Postcard from last weekends Earth Builders Conference

by April Sampson-kelly -
Number of replies: 0

April Meets Dirty Earl

Last weekend, I (April) attended Australian Earth Builders Conference.

There was some huffing and putting about the limitations of Passive House Building and data showing new developments in evidence-based research on Earth as a valuable Building Material.
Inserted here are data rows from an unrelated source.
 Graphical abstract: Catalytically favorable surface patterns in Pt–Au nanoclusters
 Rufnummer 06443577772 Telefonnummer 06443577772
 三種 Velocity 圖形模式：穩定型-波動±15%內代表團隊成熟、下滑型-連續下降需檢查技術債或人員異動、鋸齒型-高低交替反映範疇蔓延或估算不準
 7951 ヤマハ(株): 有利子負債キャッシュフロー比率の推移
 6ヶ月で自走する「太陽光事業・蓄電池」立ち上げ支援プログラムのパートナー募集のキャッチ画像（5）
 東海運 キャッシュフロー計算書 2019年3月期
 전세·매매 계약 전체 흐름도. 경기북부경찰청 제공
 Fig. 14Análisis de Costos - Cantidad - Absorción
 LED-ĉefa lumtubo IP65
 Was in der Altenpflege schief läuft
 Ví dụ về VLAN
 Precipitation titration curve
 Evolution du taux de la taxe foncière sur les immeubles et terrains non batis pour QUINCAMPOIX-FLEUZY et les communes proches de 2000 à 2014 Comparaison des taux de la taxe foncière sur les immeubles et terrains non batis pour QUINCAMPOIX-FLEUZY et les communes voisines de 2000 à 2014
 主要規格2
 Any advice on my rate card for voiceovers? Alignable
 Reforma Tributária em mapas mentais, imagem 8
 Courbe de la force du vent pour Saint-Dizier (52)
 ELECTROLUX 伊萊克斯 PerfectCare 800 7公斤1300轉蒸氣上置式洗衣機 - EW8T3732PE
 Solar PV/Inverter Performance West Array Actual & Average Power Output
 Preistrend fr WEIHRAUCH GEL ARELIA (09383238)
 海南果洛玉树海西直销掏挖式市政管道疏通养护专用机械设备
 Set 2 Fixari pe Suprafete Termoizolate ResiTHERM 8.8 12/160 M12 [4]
For the Earth. From the Earth.

The greatest 'Sustainable' building practice is - to not built at all

If you want to double the efficiency of your home today, get house mate. But perhaps your home is full to the brim. Seeing as it takes 17.35 3kg cats to heat a 150sqm Passivhaus according to Tim Adams of F2 Design, more residents may not fit. So if you still want to build, here are the 2 most valuable steps: Good Design then get low-embodied, reusable, locally available materials: dirt!

1. Get The Design Right

  • R Values and U Values - these aspects impact our designs

  • Learn from the Ancient practices in Earth Building in Persia, Morroco, China, England and much more

  • Include Windtowers and Earth-cooled ducting systems

  • Earthships tie many ancient design features together

2. Appreciate Earthen Materials

For the Environment, From the Environment

For People, By people - here's a video you might enjoy
Solid Earth builder Verena has a deep love for earth

Health belongs in the equation. Natural buildings mitigate the environment - temperature and humidity. This will make safer and more comfortable homes.

Keep it small

Just because the process is going to big, this does not mean each building needs to be big. The permaculture principle of starting small and being successful is priceless in the world of building design.

A retrofit is good for developing skills and good for the next occupant. Anyone can increase the thermal mass of a building with simple earth render or a mud-brick feature wall.

You can also use earthen materials to create insulation. Light-earth is a great material to put insulation into your walls.

Empowering and Fun

The experience of building with dirt was demonstrated in the workshops. There was a range of techniques and all of them were fun and empowering.